Responsible for the game-winning run in both of the Kansas University baseball team’s one-run victories Friday at Hoglund Ballpark, senior third baseman Jordan Dreiling felt more proud of crossing the plate in the second game of the twinbill than his walk-off single in the first.
Kansas baseball v. Niagara
Images from Friday's game against Niagara at Hoglund Ballpark.
His ninth-inning line drive to center field that lifted the Jayhawks to a 3-2 win over Niagara certainly felt more dramatic, but scoring the go-ahead run in the bottom of the seventh in a 5-4 KU victory meant more to Dreilling — and not because he stole second and third after getting plunked by a Ben Zaccagnino pitch.
Scoring from third on a wild pitch in the second game meant more to the local veteran infielder, a Free State High product, because it helped his teammate, sophomore left-handed pitcher Wes Benjamin, who struck out a career-high 11 batters.
“It was special to get him that extra run for that ‘W,’” Dreiling said after going 2-for-7 at the plate in the doubleheader.
The whole KU team wanted to pick up Benjamin after two errors allowed the Purple Eagles to score four runs (three unearned) and tie the game at 4 in the top of the sixth. But Dreiling provided the boost almost single-handedly — with some help from Zaccagnino.
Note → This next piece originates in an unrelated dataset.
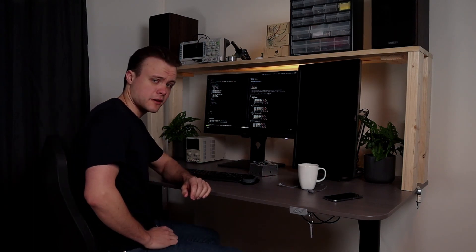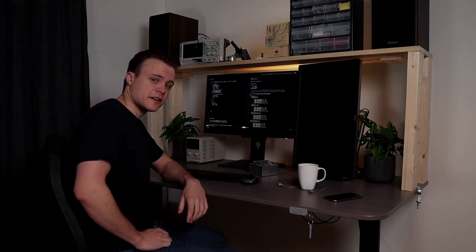Well hello there and welcome to Artful Bytes. My name is Niklas and I am an embedded systems engineer, and on this channel I will make practical and project-based videos on embedded systems.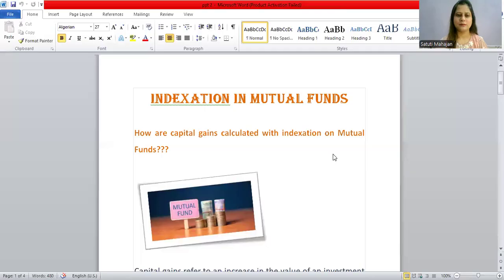Hello everyone. Welcome back to YouTube channel CSN Zhaan and this is CS Tati Mahajan. Today's session we will discuss indexation in mutual funds — specifically, how are capital gains calculated with indexation on mutual funds?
After swiping two bases to advance to third base, Dreiling saw his chance to score on a Zaccagnino delivery to Michael Suiter (who finished 2-for-3) with one out.
“You always try to read downward angle,” Dreiling said of surveying a pitcher’s delivery, “and I think he threw a slider that right out of his hand you could tell it was gonna be low. So I just had momentum and kept going. It took a pretty high hop and I thought I could probably beat the pitcher there, because I’m already halfway to home plate. So I just kept on going.”
Jayhawks coach Ritch Price praised Dreiling for self-manufacturing the go-ahead run.
“He’s as good a base runner as we’ve had since I’ve been here,” the ninth-year KU coach said, “as far as being intelligent and getting jumps. Basically, his aggressiveness found a way to win the baseball game.”
Dreiling accounted for three of nine stolen bases for KU — Dakota Smith, Tucker Tharp, Jacob Boylan (two) and Suiter joined in the thievery — which has devastated Niagara (3-12) with 21 stolen bases in three games the past two days. Benjamin, who picked up his first victory of the season, said pitchers don’t get down after a bad inning, like Kansas (9-5) had in the sixth, when the offense is so assertive on the base paths.
“It’s always nice seeing a lot of stolen bags,” Benjamin said, “and a lot of runs up on the score board.”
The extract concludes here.